:: Your goal ::
Copy the entries exactly. Their pictures do not belong in the copy.

:: Material for this task ::
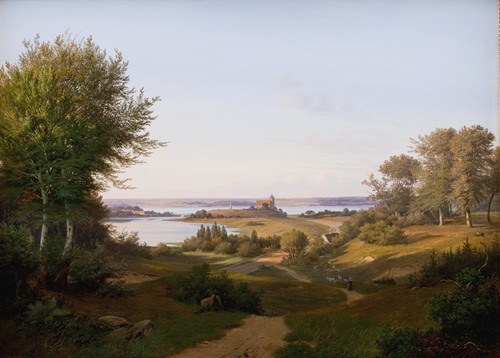 View of the Hill at Skanderborg Castle, Jutland, and the Memorial to frederik VI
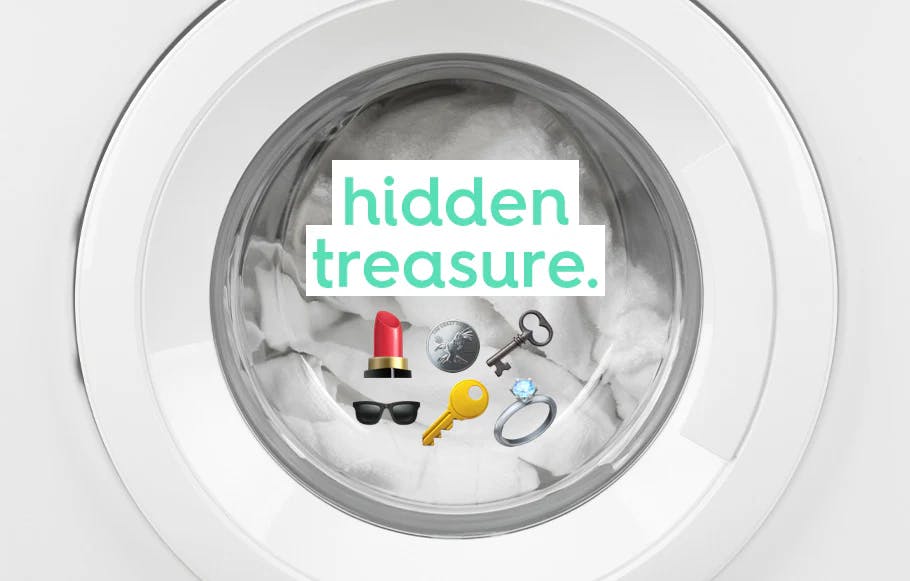 washing machine with text: hidden treasure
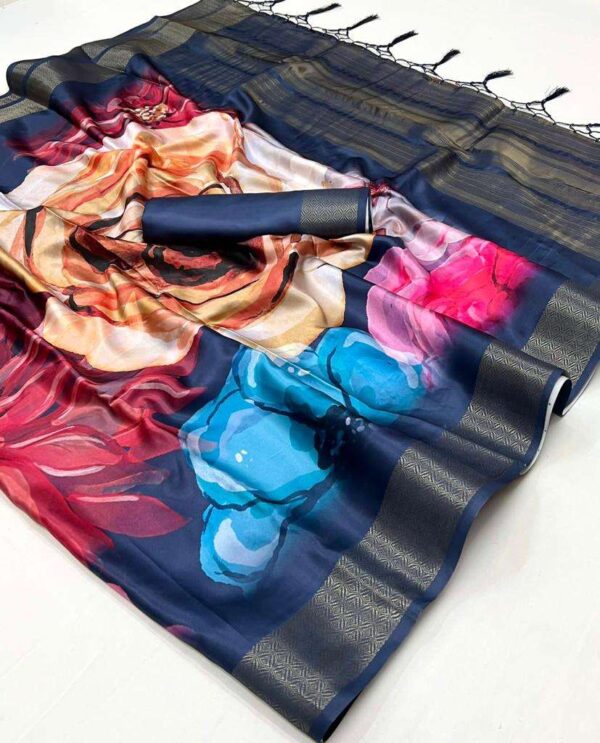rajtex kopper designer poly gaji saree - Image 9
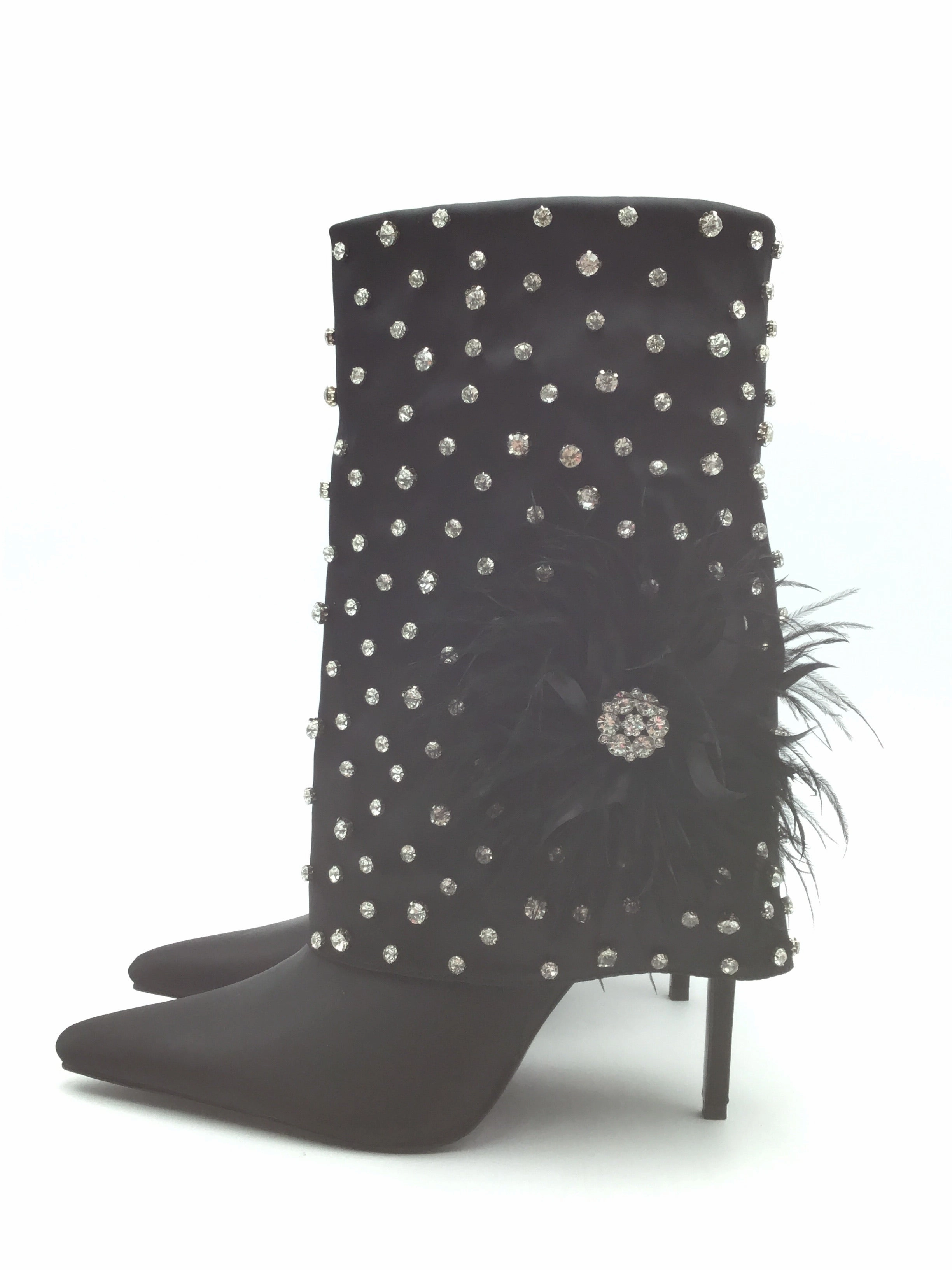 Boots Ankle Heels By Clothes Mentor In Black & Silver, Size: 10
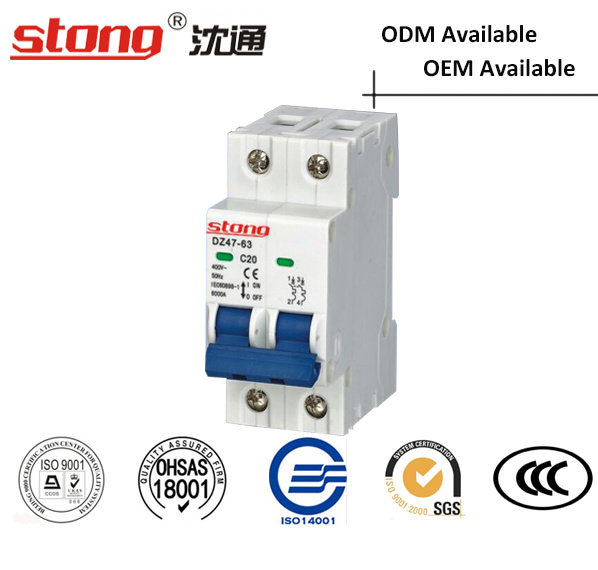 Mini Circuit Breaker High Quality 1-63A with Indicator 2p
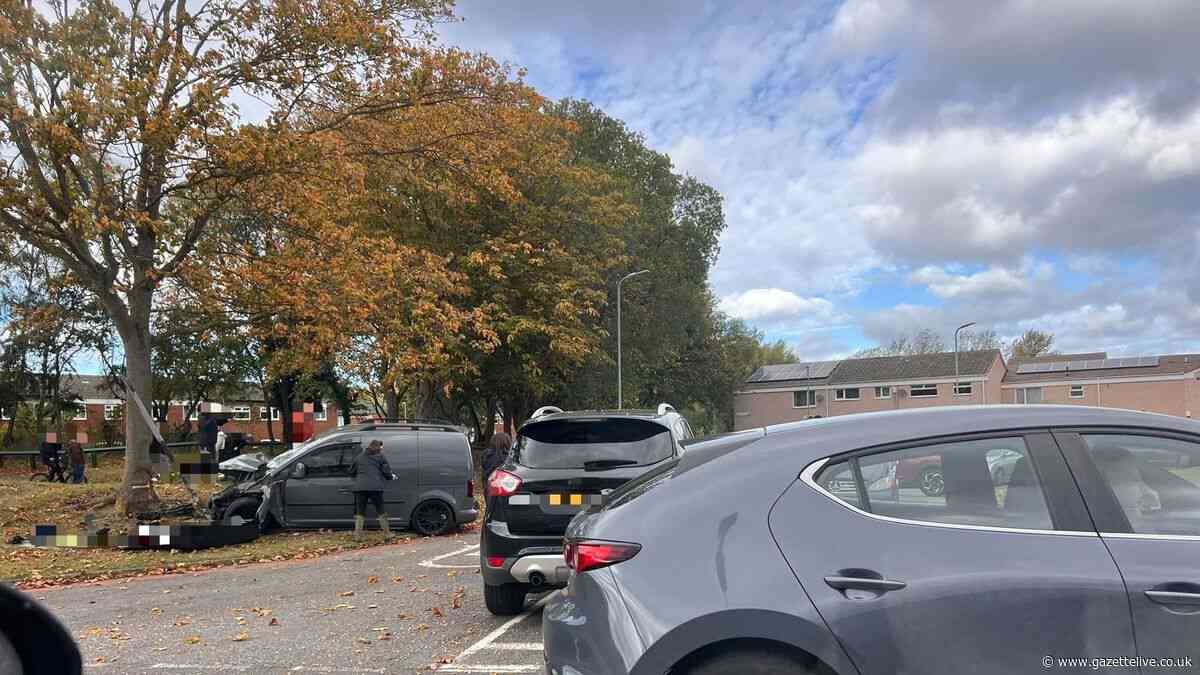 Patient taken to hospital after van crash at Hemlington junction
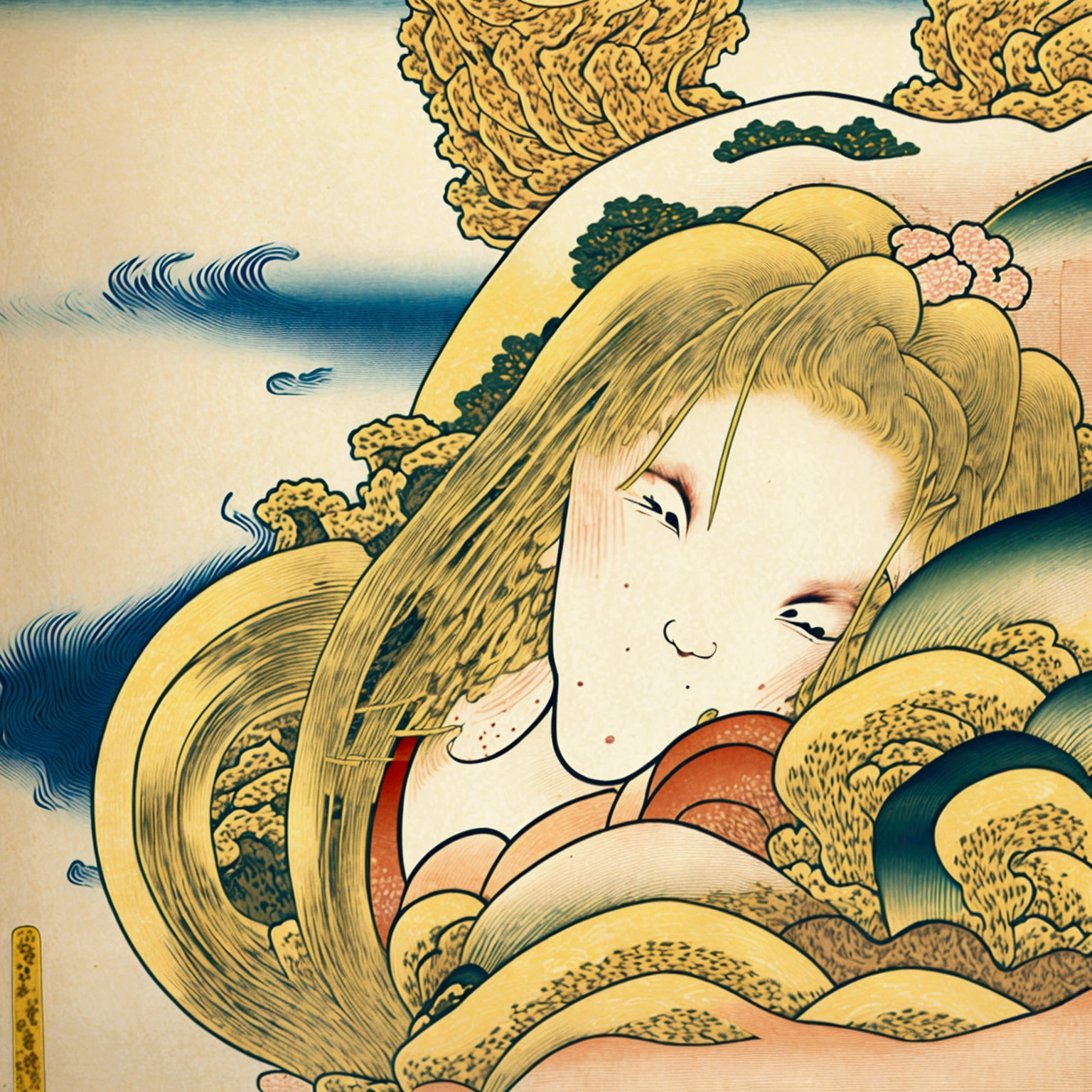 (((The Birth of Blonde Venus)))、(((Beautiful blonde woman)))、，(((Ukiyo-e)))、Royal Sister，Jay&#39;s official art,Unity8k wallpaper,Ultra-detailed,Beauty and aesthetics,masterpiece,Highest quality,(zIntertwined,Mandala,Tangled,Intertwined),(Fractal Art:1.3),One girl,Very detailed,Dynamic Angle,Cowboy gets shot,Chaotic beauty,elegant,Barbaric design,Bright colors,Romanticism,JamesJean,Robbie Deviantano,Lost Run,Francis Bacon,Michal Muraz,Adrian Gurney,Petrakot Wright,Gerhardricht,takato yamamoto,Ashley Wood,Atmospheric,Ecstasy Music Notes,Streaming notes are visible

:: Answer space ::
 View of the Hill at Skanderborg Castle, Jutland, and the Memorial to frederik VI
 washing machine with text: hidden treasure
rajtex kopper designer poly gaji saree - Image 9
 Boots Ankle Heels By Clothes Mentor In Black & Silver, Size: 10
 Mini Circuit Breaker High Quality 1-63A with Indicator 2p
 Patient taken to hospital after van crash at Hemlington junction
 (((The Birth of Blonde Venus)))、(((Beautiful blonde woman)))、，(((Ukiyo-e)))、Royal Sister，Jay&#39;s official art,Unity8k wallpaper,Ultra-detailed,Beauty and aesthetics,masterpiece,Highest quality,(zIntertwined,Mandala,Tangled,Intertwined),(Fractal Art:1.3),One girl,Very detailed,Dynamic Angle,Cowboy gets shot,Chaotic beauty,elegant,Barbaric design,Bright colors,Romanticism,JamesJean,Robbie Deviantano,Lost Run,Francis Bacon,Michal Muraz,Adrian Gurney,Petrakot Wright,Gerhardricht,takato yamamoto,Ashley Wood,Atmospheric,Ecstasy Music Notes,Streaming notes are visible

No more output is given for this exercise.